注意，`s` 与 `s2` 指向不同的对象。

## DataFrame

**DataFrame** 是由多种类型的列构成的二维标签数据结构，类似于 Excel 、SQL 表，或 Series 对象构成的字典。DataFrame 是最常用的 Pandas 对象，与 Series 一样，DataFrame 支持多种类型的输入数据：

- 一维 ndarray、列表、字典、Series 字典
- 二维 numpy.ndarray
- [结构多维数组或记录多维数组](https://docs.scipy.org/doc/numpy/user/basics.rec.html)
- `Series`
- `DataFrame`

除了数据，还可以有选择地传递 **index**（行标签）和 **columns**（列标签）参数。传递了索引或列，就可以确保生成的 DataFrame 里包含索引或列。Series 字典加上指定索引时，会丢弃与传递的索引不匹配的所有数据。

没有传递轴标签时，按常规依据输入数据进行构建。

::: tip 注意

Python > = 3.6，且 Pandas > = 0.23，数据是字典，且未指定 `columns` 参数时，`DataFrame` 的列按字典的插入顺序排序。
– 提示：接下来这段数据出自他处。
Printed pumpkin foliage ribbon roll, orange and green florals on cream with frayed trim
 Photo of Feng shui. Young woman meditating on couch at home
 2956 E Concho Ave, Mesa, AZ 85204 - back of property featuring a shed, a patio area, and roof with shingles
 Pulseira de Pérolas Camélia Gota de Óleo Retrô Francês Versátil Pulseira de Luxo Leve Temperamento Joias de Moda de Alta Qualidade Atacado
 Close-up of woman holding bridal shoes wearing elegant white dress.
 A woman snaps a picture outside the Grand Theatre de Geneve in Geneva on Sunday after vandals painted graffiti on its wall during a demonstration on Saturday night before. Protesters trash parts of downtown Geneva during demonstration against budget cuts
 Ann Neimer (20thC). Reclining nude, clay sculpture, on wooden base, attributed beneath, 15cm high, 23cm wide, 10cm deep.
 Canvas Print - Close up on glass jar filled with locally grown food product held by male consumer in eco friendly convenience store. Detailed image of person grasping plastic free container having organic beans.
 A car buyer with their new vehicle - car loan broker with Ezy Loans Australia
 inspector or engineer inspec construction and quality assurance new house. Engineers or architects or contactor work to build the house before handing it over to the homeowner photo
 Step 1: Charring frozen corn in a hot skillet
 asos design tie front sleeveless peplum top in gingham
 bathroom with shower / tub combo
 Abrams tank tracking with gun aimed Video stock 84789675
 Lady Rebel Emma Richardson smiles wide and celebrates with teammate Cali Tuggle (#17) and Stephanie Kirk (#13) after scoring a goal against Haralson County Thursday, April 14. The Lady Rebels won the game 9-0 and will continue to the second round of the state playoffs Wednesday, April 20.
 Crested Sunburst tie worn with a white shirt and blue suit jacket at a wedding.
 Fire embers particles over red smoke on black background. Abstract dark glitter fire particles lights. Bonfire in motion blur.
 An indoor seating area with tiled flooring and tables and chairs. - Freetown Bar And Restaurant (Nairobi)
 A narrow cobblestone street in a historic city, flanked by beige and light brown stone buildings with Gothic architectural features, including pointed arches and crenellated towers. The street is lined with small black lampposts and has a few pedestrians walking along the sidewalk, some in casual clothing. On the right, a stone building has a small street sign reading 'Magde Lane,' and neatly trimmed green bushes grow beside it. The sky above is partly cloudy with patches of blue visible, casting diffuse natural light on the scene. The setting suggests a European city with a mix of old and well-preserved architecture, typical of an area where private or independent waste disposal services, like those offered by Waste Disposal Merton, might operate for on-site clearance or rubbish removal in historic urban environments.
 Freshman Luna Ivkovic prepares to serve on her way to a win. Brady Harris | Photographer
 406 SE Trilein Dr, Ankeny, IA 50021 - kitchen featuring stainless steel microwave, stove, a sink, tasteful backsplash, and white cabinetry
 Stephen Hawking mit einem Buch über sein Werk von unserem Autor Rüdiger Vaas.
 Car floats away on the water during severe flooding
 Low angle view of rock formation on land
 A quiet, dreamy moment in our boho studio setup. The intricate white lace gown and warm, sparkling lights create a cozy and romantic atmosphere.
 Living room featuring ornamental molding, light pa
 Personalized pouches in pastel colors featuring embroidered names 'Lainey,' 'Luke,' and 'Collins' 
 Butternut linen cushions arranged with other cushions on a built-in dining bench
Python < 3.6 或 Pandas < 0.23，且未指定 `columns` 参数时，`DataFrame` 的列按字典键的字母排序。

:::

### 用 Series 字典或字典生成 DataFrame

生成的**索引**是每个 **Series** 索引的并集。先把嵌套字典转换为 Series。如果没有指定列，DataFrame 的列就是字典键的有序列表。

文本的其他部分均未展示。